*** COLLECTED DATA ***
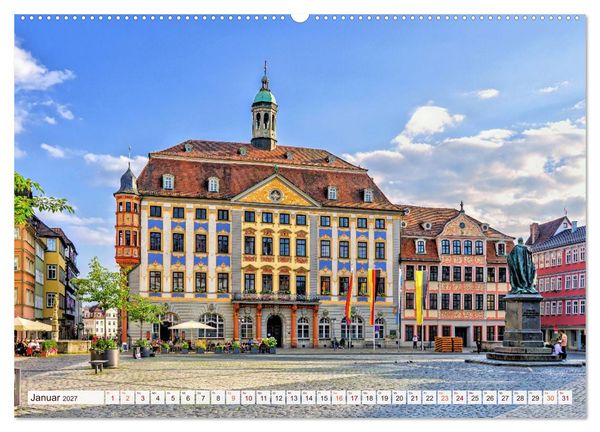 Produktbild: Coburg - Veste, Markt & mehr (hochwertiger Premium Wandkalender 2027 DIN A2 quer), Kunstdruck in Hochglanz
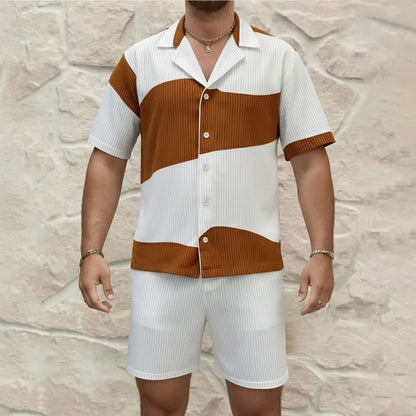 Conjunto Wilshere™ em Malha Texturizada e Design Bicolor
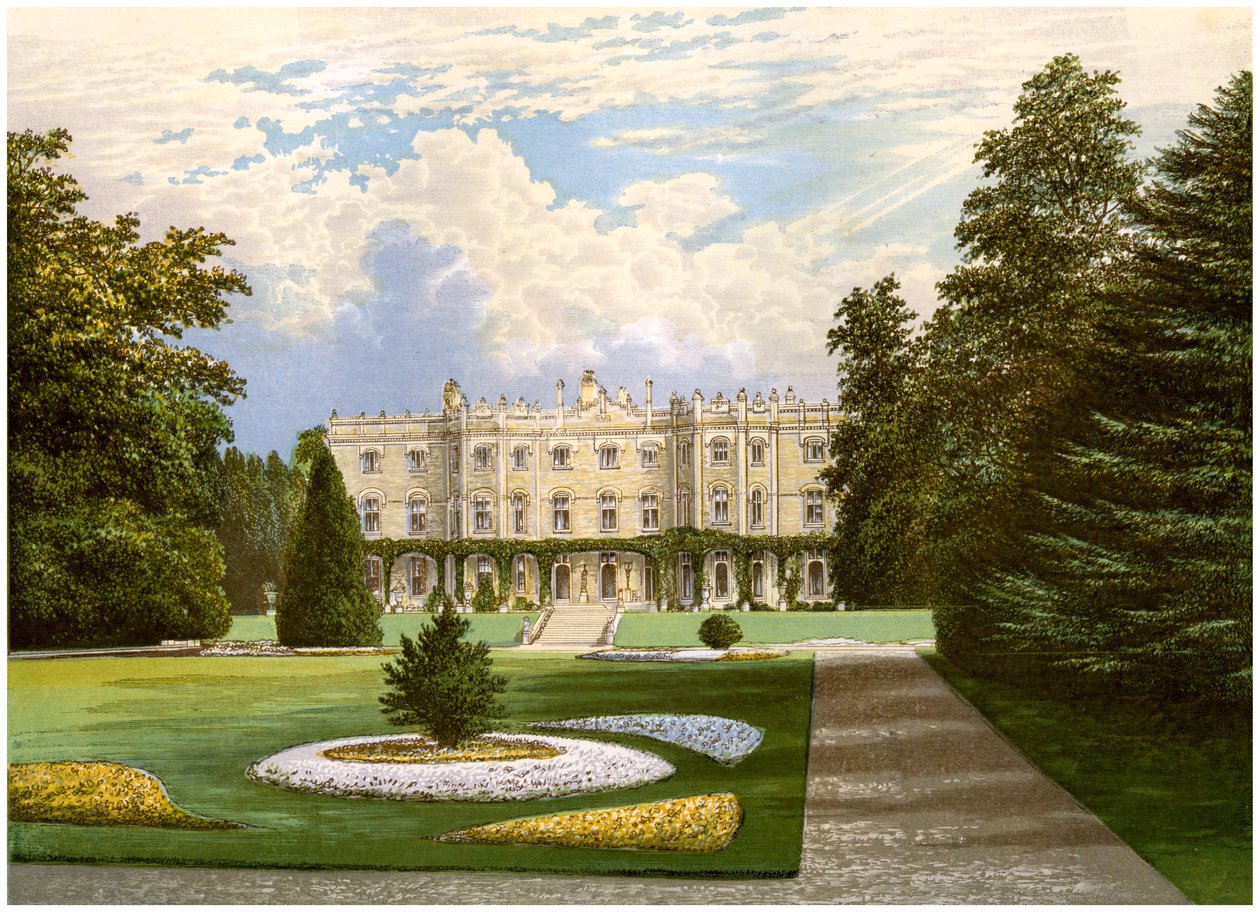 Hughenden Manor ، إيرل بيكونزفيلد ، c1880 بواسطة غير معروف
*** End of COLLECTED DATA ***
> **AIM OF THE TASK**: Since the pictures are not wanted, transcribe the rest of the listing above exactly.

> **WORKED SOLUTION**:
 Produktbild: Coburg - Veste, Markt & mehr (hochwertiger Premium Wandkalender 2027 DIN A2 quer), Kunstdruck in Hochglanz
 Conjunto Wilshere™ em Malha Texturizada e Design Bicolor
 Hughenden Manor ، إيرل بيكونزفيلد ، c1880 بواسطة غير معروف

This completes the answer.